Sistem tersebut sebetulnya dapat memicu konflik, karena diindikasi adanya kesenjangan, bahkan monopoli perdagangan oleh agen/juragan tersebut. Hal ini disebabkan, harga yang menentukan adalah agen/juragan, bahkan ketentuan-ketentuan harga tersebut tidak diketahui oleh nelayan, akibatnya terjadilah ketimpangan harga/nilai manfaat yang didapatkan nelayan yang menyebabkan nelayan merugi. Hal ini disadari oleh nelayan, namun mereka tidak memiliki pilihan banyak, karena pasar yang ada kemungkinan belum tentu dapat menyerap barang yang di produksi, sehingga resiko kerugian juga besar apabila barang produksi tidak terjual. Nelayan tidak memiliki pilihan lain selain terikat dengan sistem ini, karena di lain sisi, agen tersebut juga memberikan penghidupan bagi nelayan, terlepas dari hal negatif dan postif, sebagai contoh, ketika hasil tangkapan ikan yang didapat nelayan sedikit, sedangkan butuh dana untuk kepentingan tertentu, agen selalu siap sedia untuk memberikan pinjaman bagi nelayan.

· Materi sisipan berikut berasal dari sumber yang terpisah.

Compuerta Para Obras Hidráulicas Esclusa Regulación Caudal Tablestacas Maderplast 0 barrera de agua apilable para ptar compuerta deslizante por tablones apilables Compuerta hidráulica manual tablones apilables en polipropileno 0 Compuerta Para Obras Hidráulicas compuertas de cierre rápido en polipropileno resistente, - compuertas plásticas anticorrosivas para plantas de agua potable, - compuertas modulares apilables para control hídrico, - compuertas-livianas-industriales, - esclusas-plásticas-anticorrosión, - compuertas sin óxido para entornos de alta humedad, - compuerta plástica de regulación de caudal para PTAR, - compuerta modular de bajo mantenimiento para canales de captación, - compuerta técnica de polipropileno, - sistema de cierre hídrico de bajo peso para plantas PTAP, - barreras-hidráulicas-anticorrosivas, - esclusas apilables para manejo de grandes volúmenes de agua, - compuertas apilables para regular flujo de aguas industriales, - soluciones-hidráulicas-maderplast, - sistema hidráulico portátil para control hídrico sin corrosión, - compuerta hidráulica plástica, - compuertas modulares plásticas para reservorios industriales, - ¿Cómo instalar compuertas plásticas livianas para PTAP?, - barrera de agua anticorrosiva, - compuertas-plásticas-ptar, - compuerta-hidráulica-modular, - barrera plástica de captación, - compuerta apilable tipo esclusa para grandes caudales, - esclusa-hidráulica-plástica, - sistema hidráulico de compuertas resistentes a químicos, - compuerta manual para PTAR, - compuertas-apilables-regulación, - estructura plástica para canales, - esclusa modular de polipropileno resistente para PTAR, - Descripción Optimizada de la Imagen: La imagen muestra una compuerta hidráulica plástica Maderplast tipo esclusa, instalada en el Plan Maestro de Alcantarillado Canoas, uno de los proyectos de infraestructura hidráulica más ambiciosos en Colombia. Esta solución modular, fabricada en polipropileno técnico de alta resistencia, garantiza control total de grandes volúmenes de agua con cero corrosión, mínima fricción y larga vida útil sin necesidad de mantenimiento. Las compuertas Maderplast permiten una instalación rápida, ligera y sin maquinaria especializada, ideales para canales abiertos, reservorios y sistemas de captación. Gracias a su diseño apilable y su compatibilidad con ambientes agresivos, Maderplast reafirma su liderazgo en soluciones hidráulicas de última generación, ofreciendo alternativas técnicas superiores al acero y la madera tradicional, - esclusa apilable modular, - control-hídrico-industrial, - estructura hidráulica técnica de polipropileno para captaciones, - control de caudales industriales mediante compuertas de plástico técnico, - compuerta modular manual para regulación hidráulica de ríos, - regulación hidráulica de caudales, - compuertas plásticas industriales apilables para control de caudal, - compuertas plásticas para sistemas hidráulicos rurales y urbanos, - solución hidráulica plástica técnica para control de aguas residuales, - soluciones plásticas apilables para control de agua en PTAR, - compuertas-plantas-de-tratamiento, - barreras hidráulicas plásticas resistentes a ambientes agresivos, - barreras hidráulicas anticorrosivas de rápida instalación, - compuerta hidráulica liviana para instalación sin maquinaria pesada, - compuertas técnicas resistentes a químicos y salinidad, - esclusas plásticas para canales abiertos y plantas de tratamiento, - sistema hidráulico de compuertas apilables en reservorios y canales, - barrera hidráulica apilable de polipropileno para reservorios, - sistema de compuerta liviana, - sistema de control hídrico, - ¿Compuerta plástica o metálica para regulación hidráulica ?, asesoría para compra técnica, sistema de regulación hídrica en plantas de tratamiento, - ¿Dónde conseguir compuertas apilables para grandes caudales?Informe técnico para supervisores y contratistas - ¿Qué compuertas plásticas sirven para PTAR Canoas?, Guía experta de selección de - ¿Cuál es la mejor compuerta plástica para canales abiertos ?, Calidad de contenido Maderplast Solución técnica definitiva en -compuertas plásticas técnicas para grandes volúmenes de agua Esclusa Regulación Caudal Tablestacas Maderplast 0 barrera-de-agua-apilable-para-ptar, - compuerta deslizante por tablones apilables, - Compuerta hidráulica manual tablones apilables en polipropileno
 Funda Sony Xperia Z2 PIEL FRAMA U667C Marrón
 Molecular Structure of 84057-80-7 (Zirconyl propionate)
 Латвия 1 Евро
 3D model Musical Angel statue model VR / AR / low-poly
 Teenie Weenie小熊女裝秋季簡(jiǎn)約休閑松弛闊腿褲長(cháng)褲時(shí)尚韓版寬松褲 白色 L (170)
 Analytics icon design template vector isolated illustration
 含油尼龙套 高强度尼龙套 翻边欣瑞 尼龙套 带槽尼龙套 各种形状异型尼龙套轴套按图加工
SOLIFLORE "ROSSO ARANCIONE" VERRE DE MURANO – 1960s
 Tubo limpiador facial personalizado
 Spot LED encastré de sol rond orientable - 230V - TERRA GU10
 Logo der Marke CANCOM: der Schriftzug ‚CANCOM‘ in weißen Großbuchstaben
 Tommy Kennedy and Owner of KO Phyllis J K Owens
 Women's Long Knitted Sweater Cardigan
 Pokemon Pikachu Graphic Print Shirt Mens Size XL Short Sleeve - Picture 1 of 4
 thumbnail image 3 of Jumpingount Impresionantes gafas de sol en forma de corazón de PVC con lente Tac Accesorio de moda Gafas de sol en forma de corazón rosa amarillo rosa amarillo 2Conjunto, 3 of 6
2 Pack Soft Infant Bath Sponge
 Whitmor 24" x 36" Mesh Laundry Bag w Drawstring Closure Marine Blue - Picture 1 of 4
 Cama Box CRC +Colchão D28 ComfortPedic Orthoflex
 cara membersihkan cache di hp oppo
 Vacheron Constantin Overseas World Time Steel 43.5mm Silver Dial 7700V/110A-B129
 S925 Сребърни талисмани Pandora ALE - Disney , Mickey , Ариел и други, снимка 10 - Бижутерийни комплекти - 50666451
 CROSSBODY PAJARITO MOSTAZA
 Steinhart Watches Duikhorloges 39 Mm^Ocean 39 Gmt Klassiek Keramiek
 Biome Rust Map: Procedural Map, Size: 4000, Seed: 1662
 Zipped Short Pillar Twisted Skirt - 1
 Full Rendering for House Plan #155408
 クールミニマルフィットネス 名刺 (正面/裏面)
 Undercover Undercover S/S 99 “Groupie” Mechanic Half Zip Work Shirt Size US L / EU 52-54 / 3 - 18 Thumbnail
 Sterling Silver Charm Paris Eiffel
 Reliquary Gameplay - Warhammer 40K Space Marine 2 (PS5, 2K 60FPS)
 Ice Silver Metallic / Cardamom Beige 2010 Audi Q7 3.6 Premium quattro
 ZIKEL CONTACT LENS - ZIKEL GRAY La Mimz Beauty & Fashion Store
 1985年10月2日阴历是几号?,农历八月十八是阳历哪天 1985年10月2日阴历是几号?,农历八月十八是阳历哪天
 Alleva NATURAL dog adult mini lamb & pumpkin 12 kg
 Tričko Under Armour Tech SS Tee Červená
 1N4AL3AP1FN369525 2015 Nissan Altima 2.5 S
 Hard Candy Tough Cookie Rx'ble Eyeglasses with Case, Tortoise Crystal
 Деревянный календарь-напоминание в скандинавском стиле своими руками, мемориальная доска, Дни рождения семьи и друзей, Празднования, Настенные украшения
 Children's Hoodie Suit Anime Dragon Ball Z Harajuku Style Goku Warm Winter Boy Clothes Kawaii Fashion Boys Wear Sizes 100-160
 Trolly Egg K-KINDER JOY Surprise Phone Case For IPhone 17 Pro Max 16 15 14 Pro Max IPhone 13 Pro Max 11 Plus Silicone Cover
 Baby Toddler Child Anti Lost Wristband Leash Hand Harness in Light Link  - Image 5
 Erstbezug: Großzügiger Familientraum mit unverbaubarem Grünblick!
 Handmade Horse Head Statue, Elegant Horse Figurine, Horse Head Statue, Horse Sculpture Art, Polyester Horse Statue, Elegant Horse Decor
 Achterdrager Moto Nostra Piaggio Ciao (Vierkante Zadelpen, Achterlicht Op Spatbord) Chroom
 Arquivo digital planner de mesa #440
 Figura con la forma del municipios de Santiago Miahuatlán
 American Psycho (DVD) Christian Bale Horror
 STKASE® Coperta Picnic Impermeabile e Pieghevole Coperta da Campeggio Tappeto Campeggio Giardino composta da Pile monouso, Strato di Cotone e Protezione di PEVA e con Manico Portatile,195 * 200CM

Suatu Pelabuhan Perikanan menjadi kunci pengembangan usaha perikanan tangkap disuatu wilayah, karena merupakan “interface” dalam usaha perikanan tangkap. Oleh sebab itu, penting sekali kiranya pengembangan pelabuhan perikanan untuk usaha perikanan disuatu wilayah. Cermin dari berkembangnya usaha perikanan disuatu wilayah juga dapat dilihat dari kondisi Pelabuhan Perikanan. Perbaikan dan penambahan fasilitas yang sesuai, sangat diperlukan di PPI Paloh, karena apabila fasilitas sangat terbatas, secara otomatis menghambat operasional melaut bagi nelayan, yang berdampak pada penurunan produktivitas yang dihasilkan. Fasilitas dan kondisi yang baik dari Pelabuhan Perikanan akan menunjang aktivitas perikanan, yang berdampak pada peningkatan produktivitas, juga menciptakan lahan-lahan pekerjaan baru di dalamnya. Fungsi Pelabuhan Perikanan juga semestinya membantu dalam pengelolaan perikanan.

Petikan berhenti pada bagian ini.